“Were you angry at your father?” the woman asked during the book discussion of Before the Door Closes: A Daughter’s Journey with Her Alcoholic Father.
“No,” I unreservedly replied.
“But he beat your mother,” she whispered as if it were still a secret.
“I hated it and I felt sorry for her. But that wasn’t my father,” I explained. “My real father didn’t do that.”
Later I realized all my life I used a defense mechanism for my father’s alcoholic behavior that my mother had expertly polished: compartmentalization. A scene from my book reveals her dichotomy.
“Our arms entwined, I reflected that for most of my life I had wondered if Daddy ever told Mama he loved her. There were so many years he had abused her physically, mentally, and emotionally. Through it all my mother persevered. She had found her way to cope.

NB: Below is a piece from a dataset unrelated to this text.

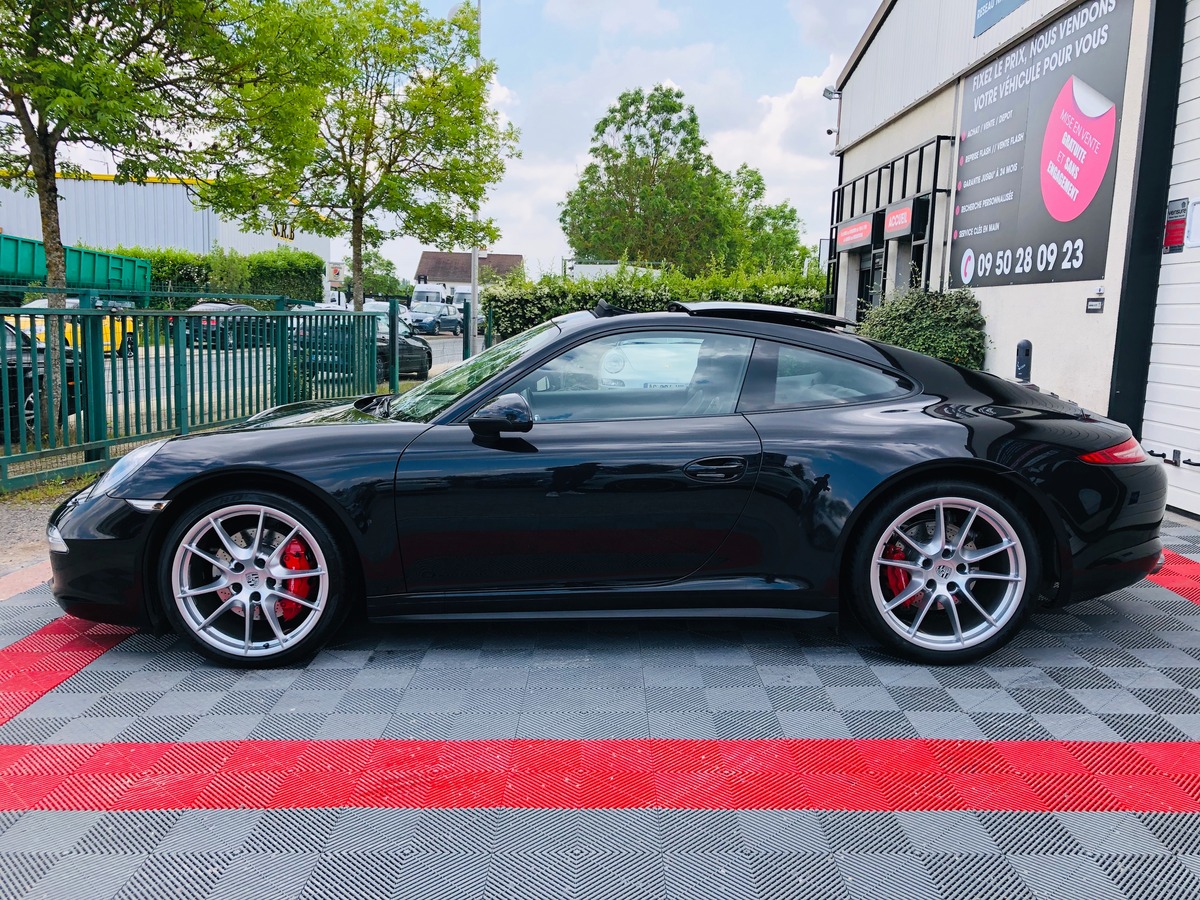 Porsche 911 991 CARRERA 4S PDK 400 1°MAIN FR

“Mama once told me as she looked through the window at my father staggering to the front door, ‘He is like Dr. Jekyll and Mr. Hyde.’
“That’s how she mentally sectioned her life. If Daddy was drunk, he was Mr. Hyde, embodying all that was wrong, evil, sinful. If Daddy was sober, he was Dr. Jekyll, goodness and peace and healing. While hating Mr. Hyde, Mama knew at the end of her endurance, he would metamorphose again into Dr. Jekyll.”